[Captioned web images]
* * * * *

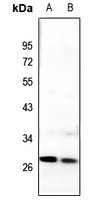 C/EBP delta/epsilon Antibody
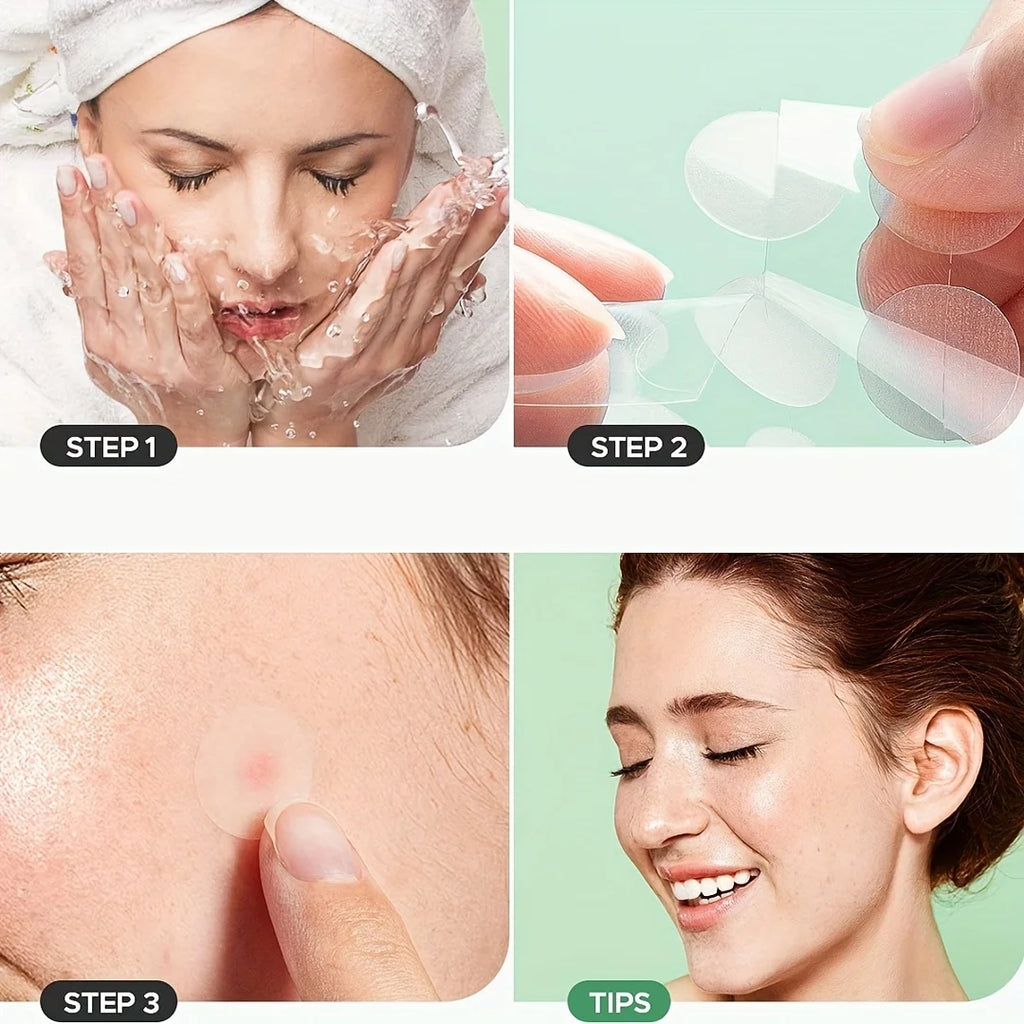 400/800pcs HITWORKER Hydrocolloid Acne Patches, 2 Sizes, Day & Night Use, Beige, Oil Control, Fragrance-Free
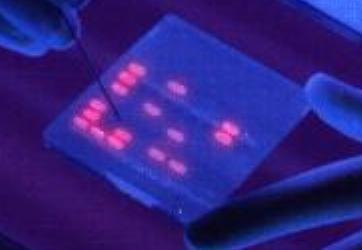 A permanent record of the gel is kept by taking a picture with a camera or gel documentation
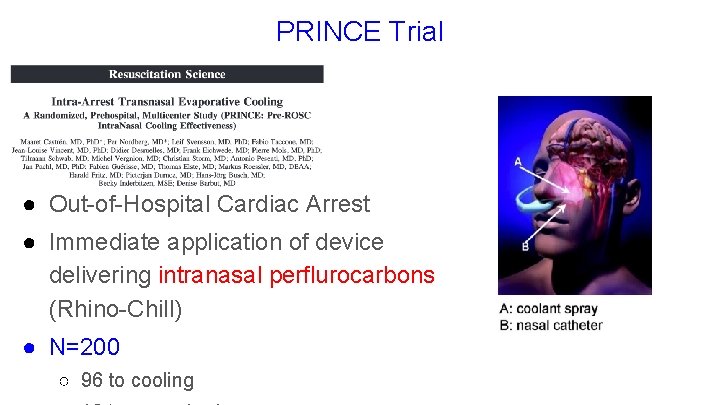 PRINCE Trial ● Out-of-Hospital Cardiac Arrest ● Immediate application of device delivering intranasal perflurocarbons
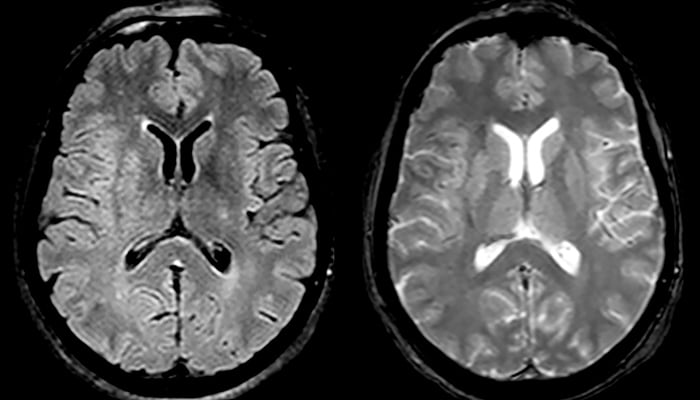 Mri In Ms Stroke Brain Tumor Fieldstrength Mri Philips Healthcare 9582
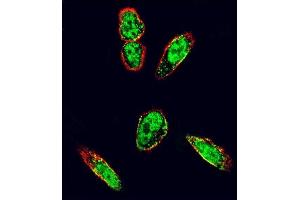 Immunofluorescence (IF) image for anti-Proto-oncogene tyrosine-protein kinase Src (Src) (AA 1-30), (N-Term) antibody (ABIN392107)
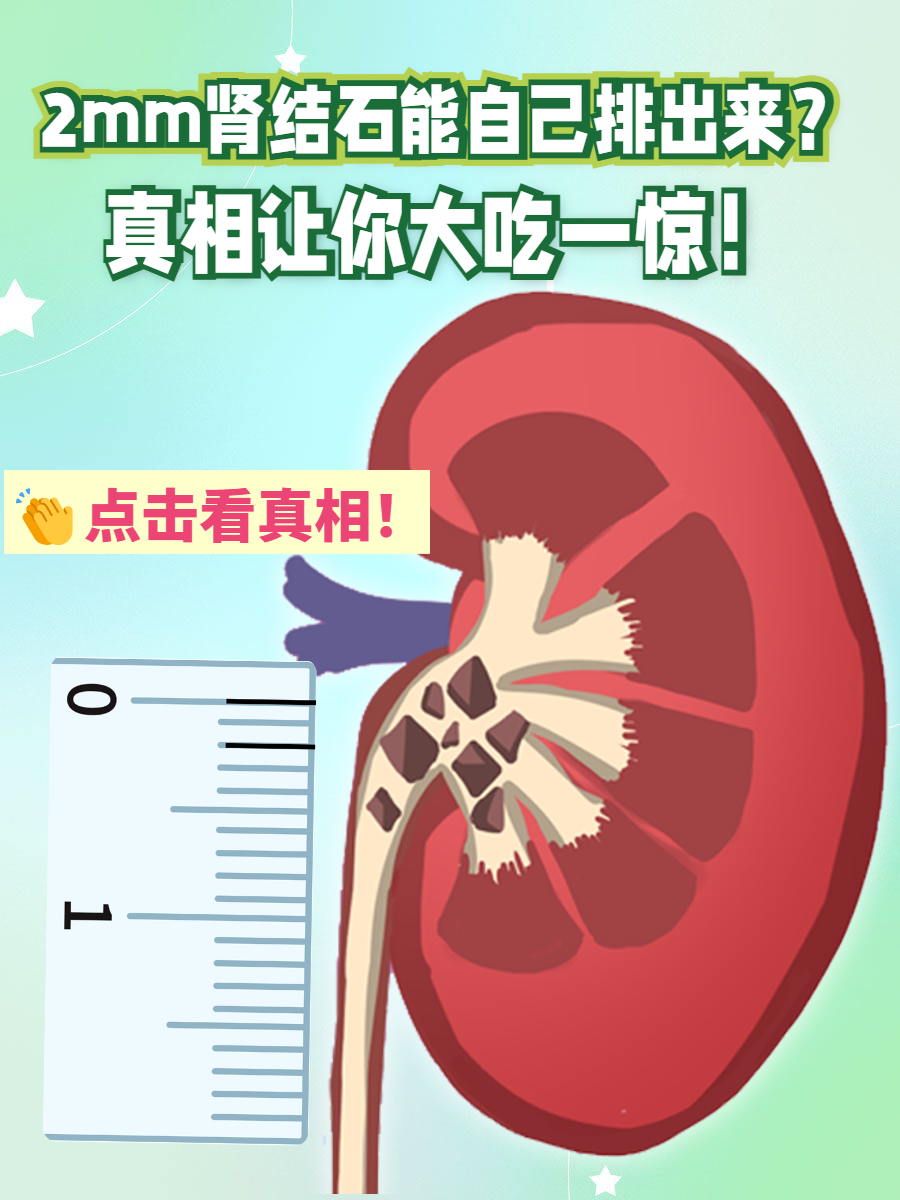 肾结石能喝酸奶吗(肾结石可不可以喝豆浆和牛奶)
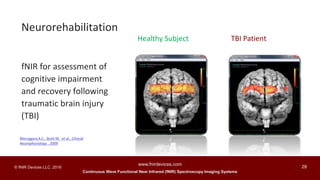 Continuous Wave Functional Near Infrared (fNIR) Spectroscopy Imaging Systems
www.fnirdevices.com
28© fNIR Devices LLC. 2016
fNIR for assessment of
cognitive impairment
and recovery following
traumatic brain injury
(TBI)
Healthy Subject TBI Patient
Neurorehabilitation
Merzagora A.C., Butti M. et al., Clinical
Neurophysiology , 2009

* * * * *

- [TASK] Give back exactly the lines from the one containing "traumatic brain injury" through the last line of the records.

- [RESULT FOR THIS TASK]
traumatic brain injury
(TBI)
Healthy Subject TBI Patient
Neurorehabilitation
Merzagora A.C., Butti M. et al., Clinical
Neurophysiology , 2009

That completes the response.